Without any images, write the data out exactly as it appears.

■ Collected data:
▬▬▬▬▬▬

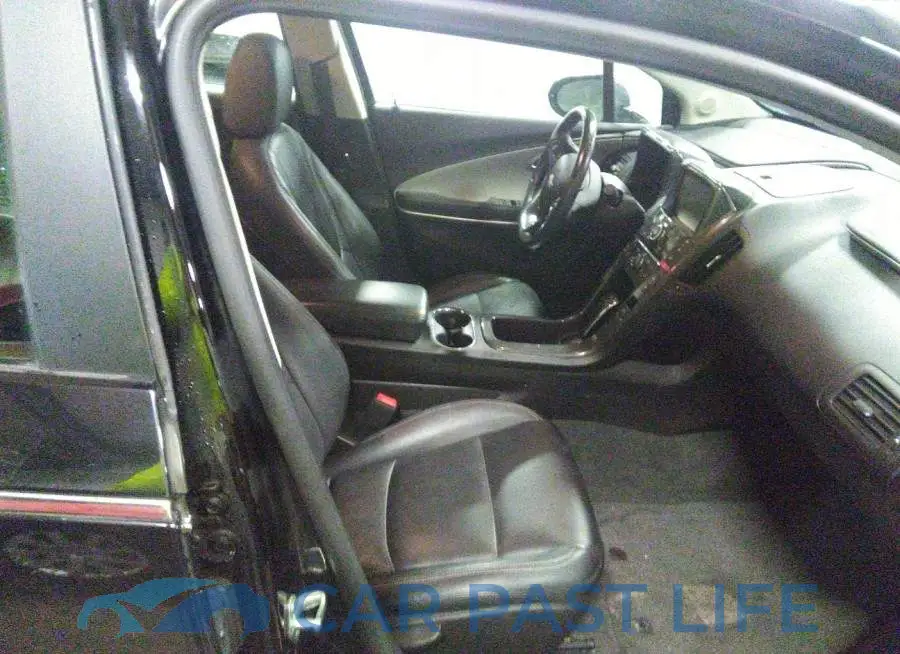 1G1RB6E43DU103548# 5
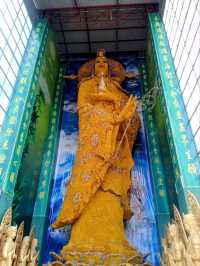 🇻🇳 The sacred Linh Phuoc Pagoda in Dalat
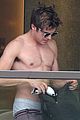 efron-noshirt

▬▬▬▬▬▬

■ Task answer:
 1G1RB6E43DU103548# 5
 🇻🇳 The sacred Linh Phuoc Pagoda in Dalat
 efron-noshirt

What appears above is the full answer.